▸ **Task brief**:
Set down, exactly and with nothing added, the lines running from the one that holds "Camiseta Evanescence – Self-Titled Poster" to the final line of the records. Pictures stay out of the copy.

Stored records:
= = = = = = =
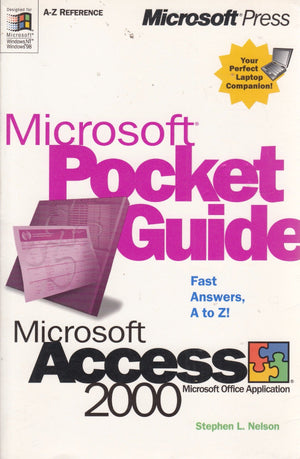 Microsoft Pocket Guide to Microsoft Access 2000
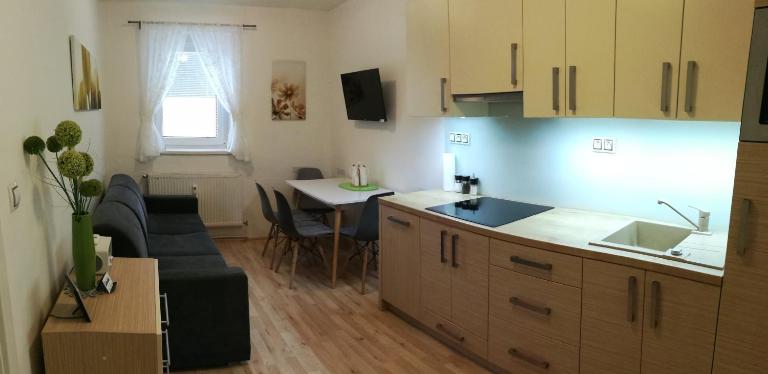 Apartmán Cardovi - B&B Dolní Morava
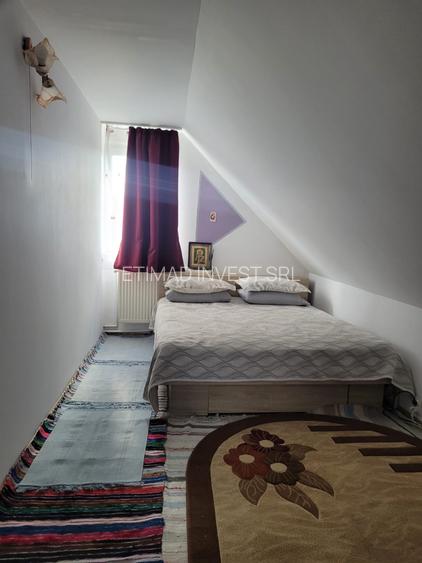 CUMPANA - CASA  P+M - BCA -TEREN 506 MP - GARAJ - 129.500 E - 36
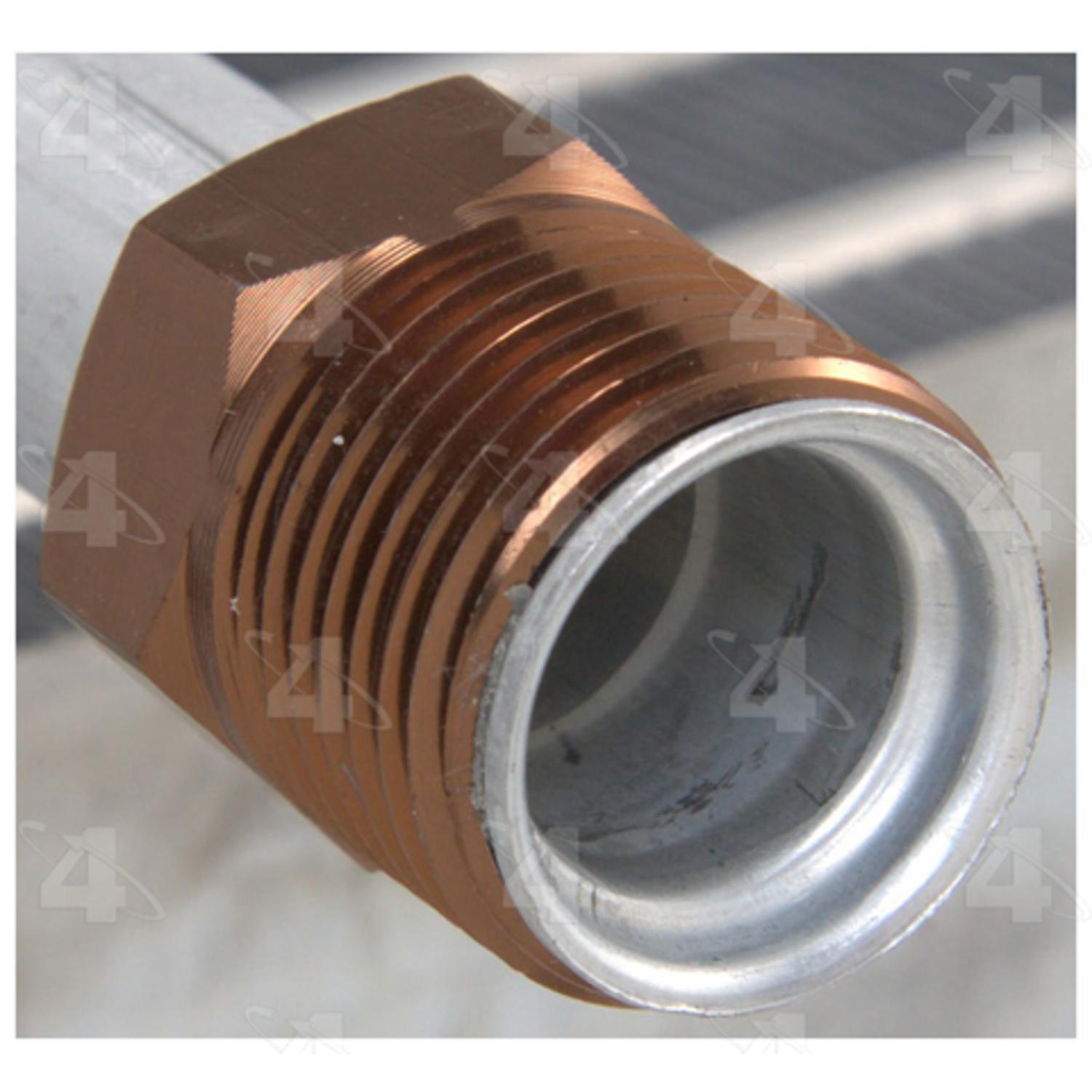 Four Seasons 54669 - A/C Evaporator Core Four Seasons 54669 A/C Evaporator Core product image 5 of 9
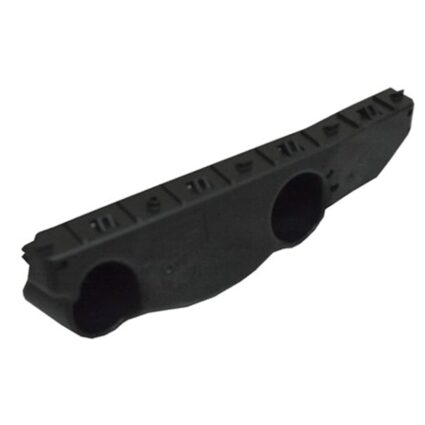 Bumper Cover Retainer Front Left for Nissan Sentra 2013–2015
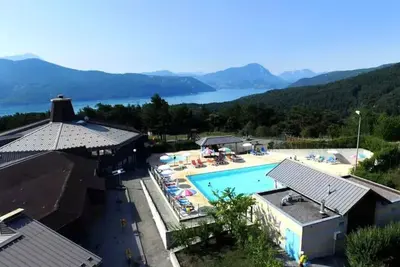 Image de Appartement \"Lit double\" 2 pièces 5 personnes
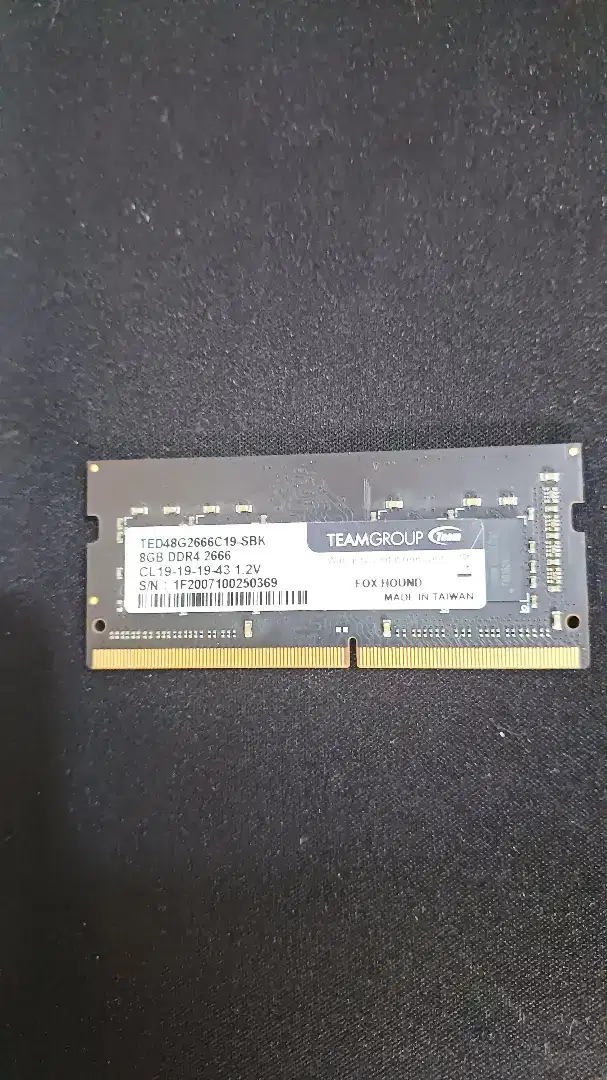 Memory ram laptop 8gb murah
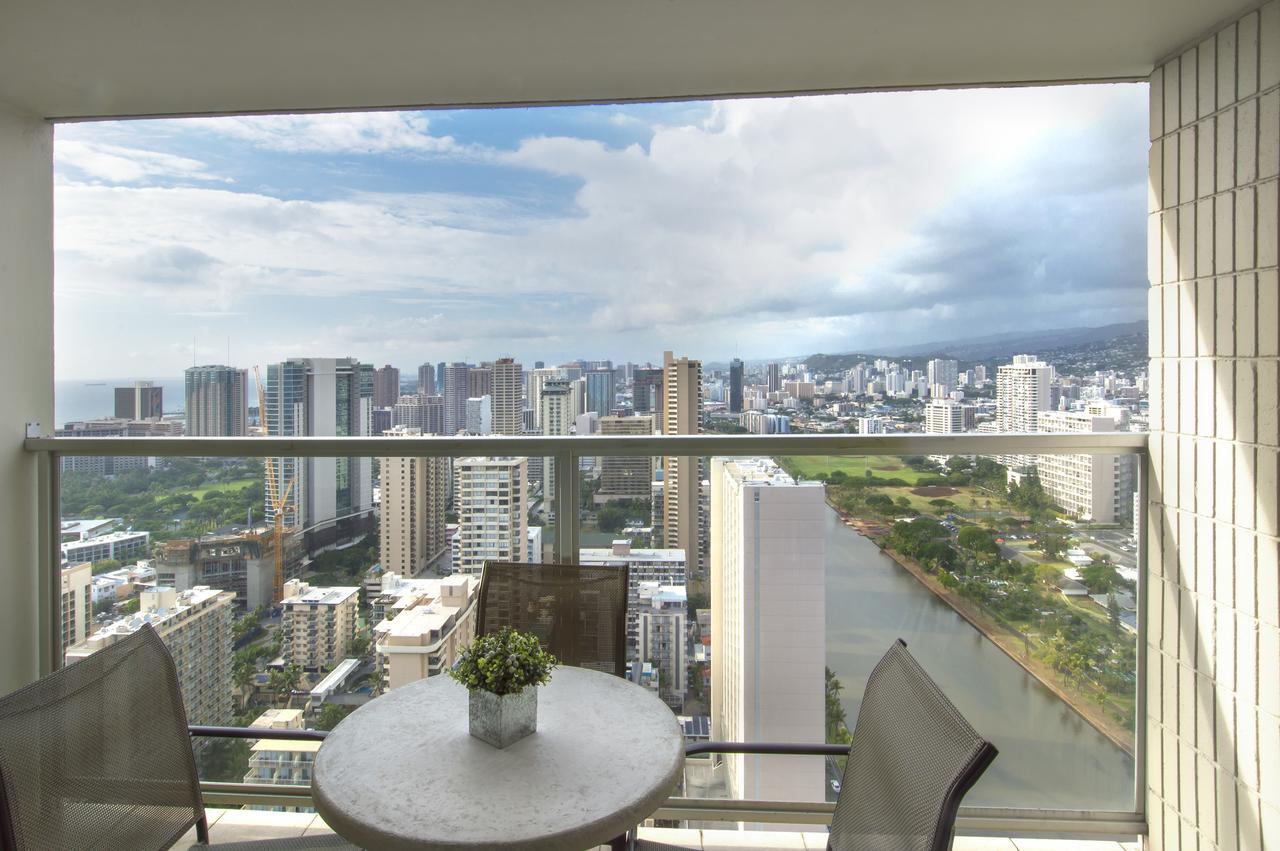 Island Colony 4011 Lejlighed Honolulu Eksteriør billede
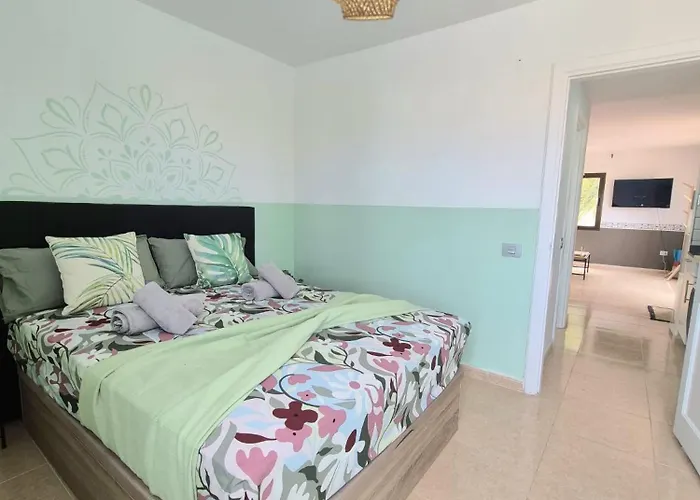 Apartament Oasis Dunas Raices Del Mar Paraiso Unico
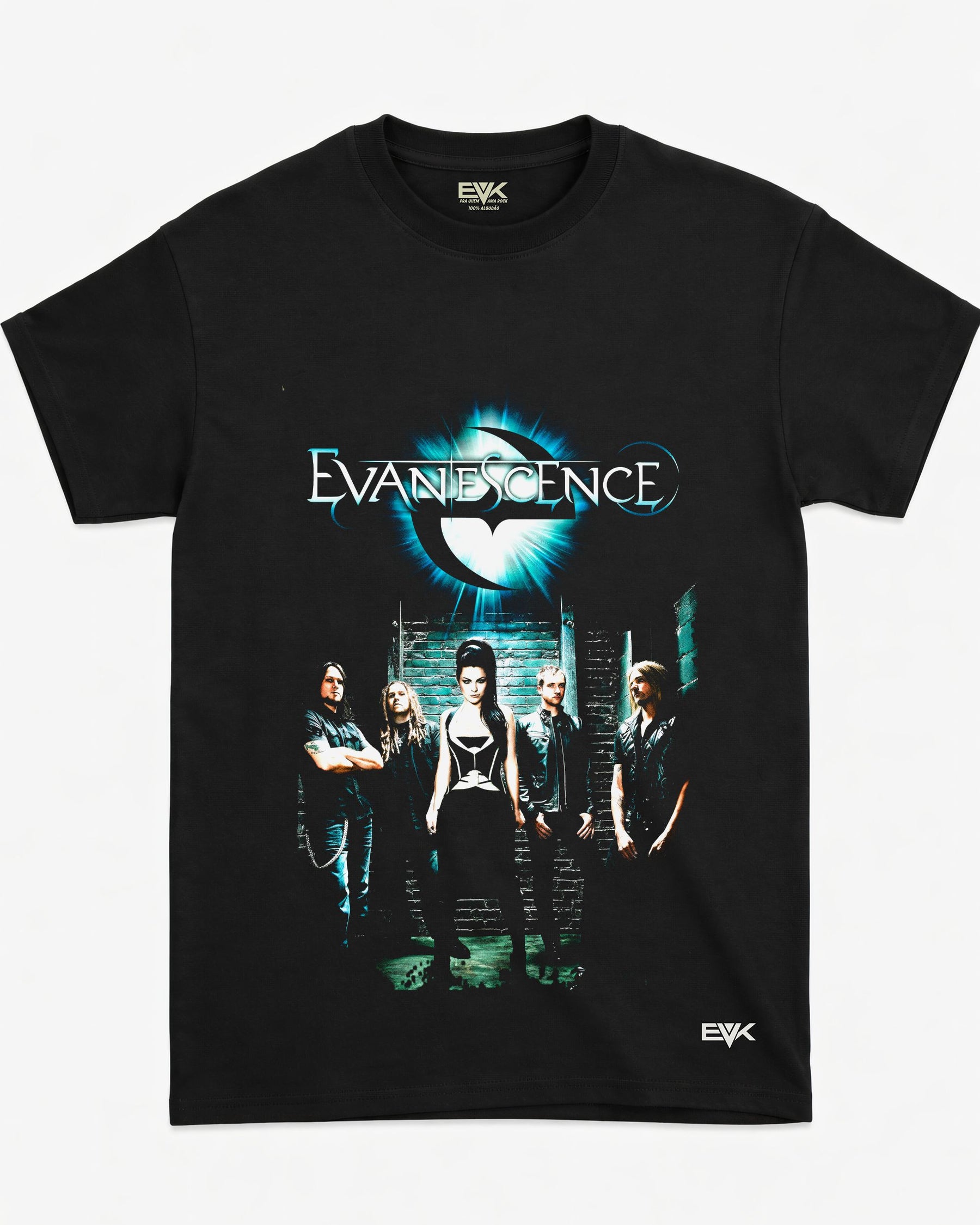 Camiseta Evanescence – Self-Titled Poster
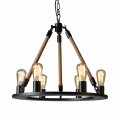 Потолочный подвесной светильник Loft 187-6
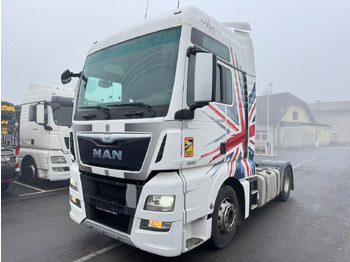 Cabeza tractora MAN TGX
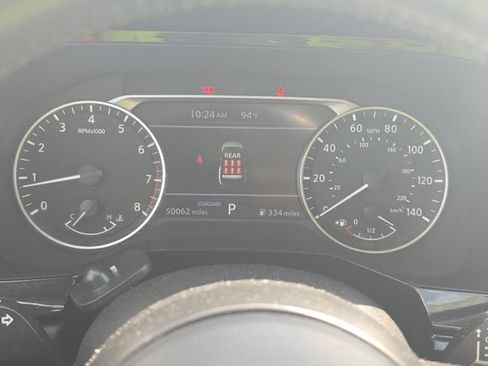 Used 2024 Nissan Pathfinder SV FWD image 21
= = = = = = =
▸ **Solution for this problem**:
 Camiseta Evanescence – Self-Titled Poster
 Потолочный подвесной светильник Loft 187-6
 Cabeza tractora MAN TGX
 Used 2024 Nissan Pathfinder SV FWD image 21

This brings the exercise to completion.